Cannot use "REPLACE INTO"

When working with MySQL/MariaDB databases the seemingly obvious solution to making re-runnable data updates is the REPLACE statement to insert new data or replace existing data. For example:

REPLACE INTO countries ( id , name , iso ) VALUES ( 1 , 'Afghanistan', 'AF' ) ,( 2 , 'Albania', 'AL' ) ,( 3 , 'Algeria', 'DZ' ) ,( 4 , 'Andorra', 'AD' ) ,( 5 , 'Angola', 'AO' )

There is a problem with this approach however. Lets look at how this statement actually operates.

  1. Insert a new row into the table, if a duplicate key error occurs.
  2. If the insertion fails due to a duplicate-key error occurs:
    1. Delete the conflicting row that causes the duplicate key error from the table.
    2. Insert the new row into the table again.

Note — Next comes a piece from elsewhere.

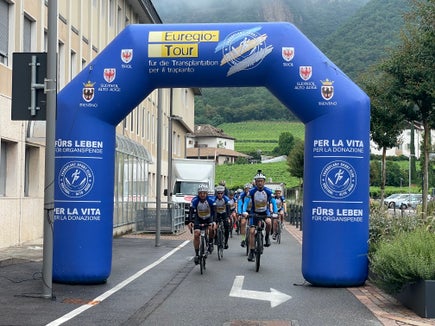 Zieleinfahrt beim Krankenhaus Bozen (Foto GNews)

The problem with this approach happens on step 2a. You will note that REPLACE does not UPDATE the record in question, it delete it. When this statement attempts the DELETE operation it will fail if there are any Foreign Key dependencies on the record being deleted.

Solution: "INSERT IGNORE"

The solution fortunately is relatively simple. The INSERT statement has a modifier IGNORE which allows us to add new records to our table ignoring any existing ones. When we pair this with the ON DUPLICATE KEY UPDATE modifier we achieve our goal of updating any existing records.

INSERT IGNORE INTO countries ( id , name , iso ) VALUES ( 1 , 'Afghanistan', 'AF' ) ,( 2 , 'Albania', 'AL' ) ,( 3 , 'Algeria', 'DZ' ) ,( 4 , 'Andorra', 'AD' ) ,( 5 , 'Angola', 'AO' ) ON DUPLICATE KEY UPDATE name = values(name) , iso = values(iso);

Using this pattern we can easily manage our reference tables data via version controlled sql scripts.